- Source material -
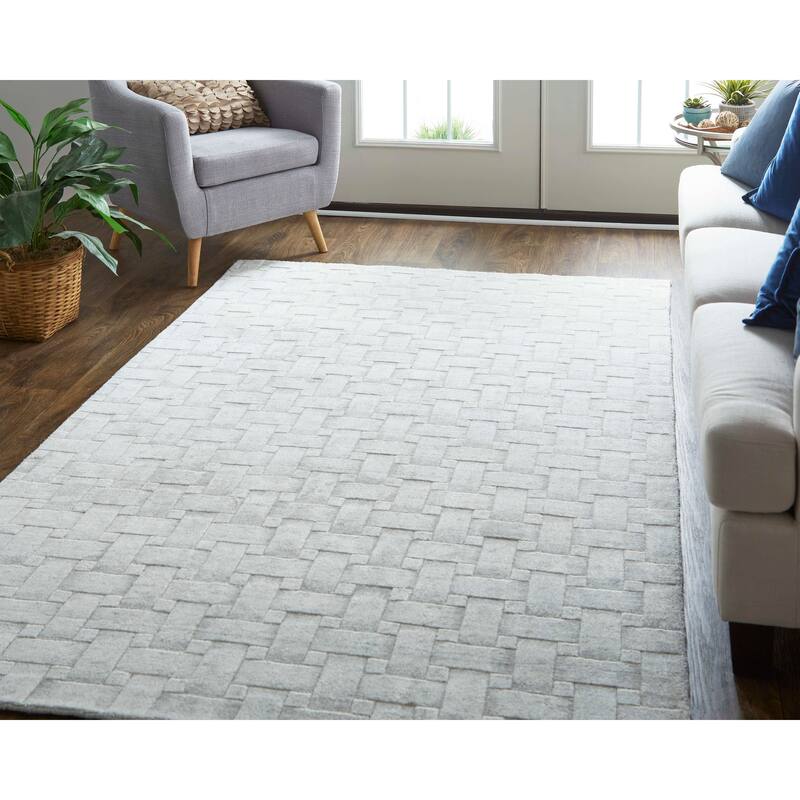 Grand Bazaar Tatem Hand Woven Solid Transitional Area Rug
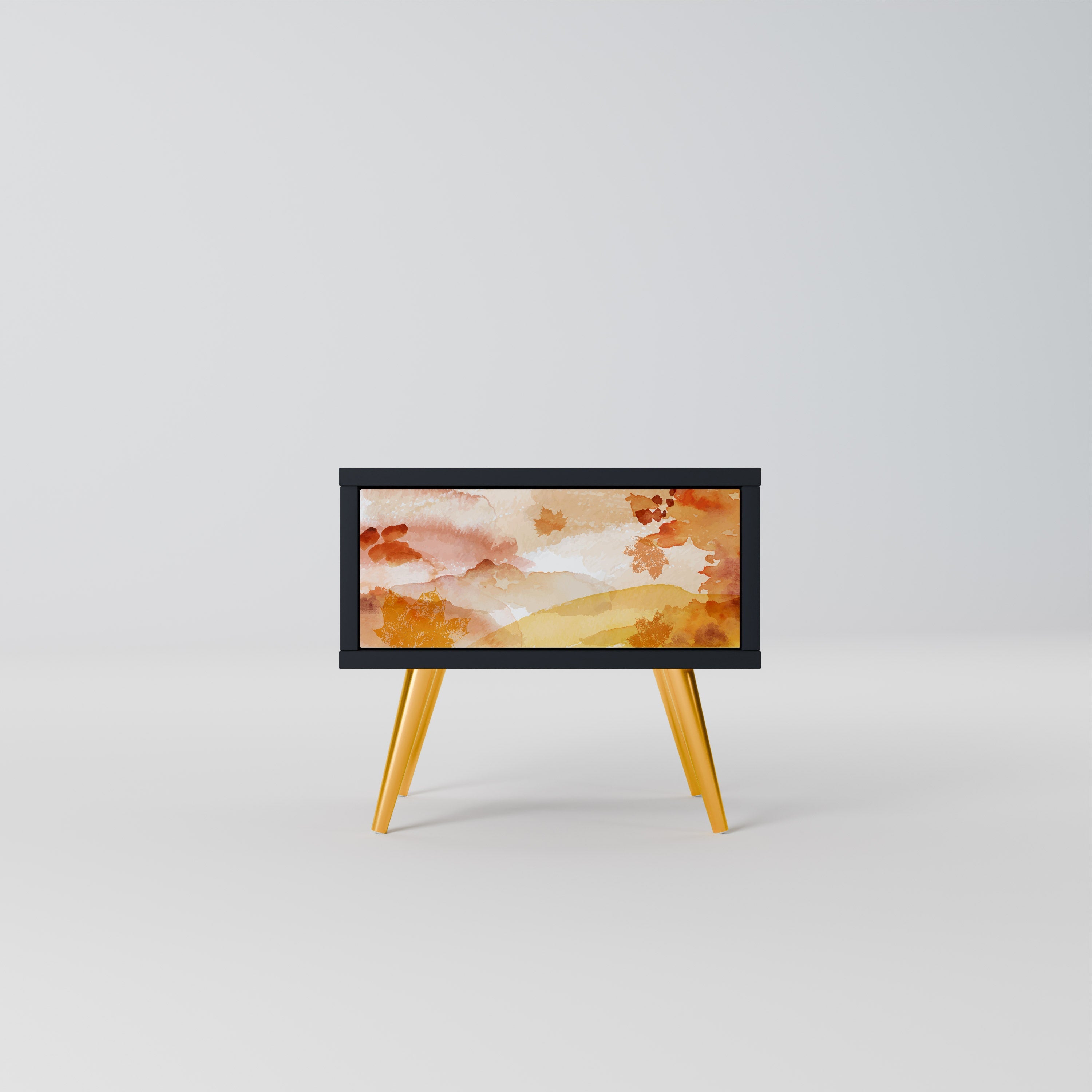 Table de chevet TRACES OF AUTUMN en finition noire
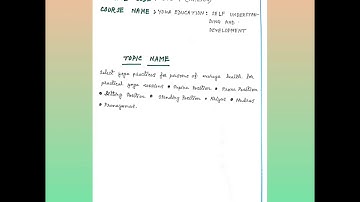 EPC 4 practicum, Yoga education : Self understanding and development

- Task details -
Return the material in full and unaltered, minus its pictures.

- Task answer -
 Grand Bazaar Tatem Hand Woven Solid Transitional Area Rug
 Table de chevet TRACES OF AUTUMN en finition noire
 EPC 4 practicum, Yoga education : Self understanding and development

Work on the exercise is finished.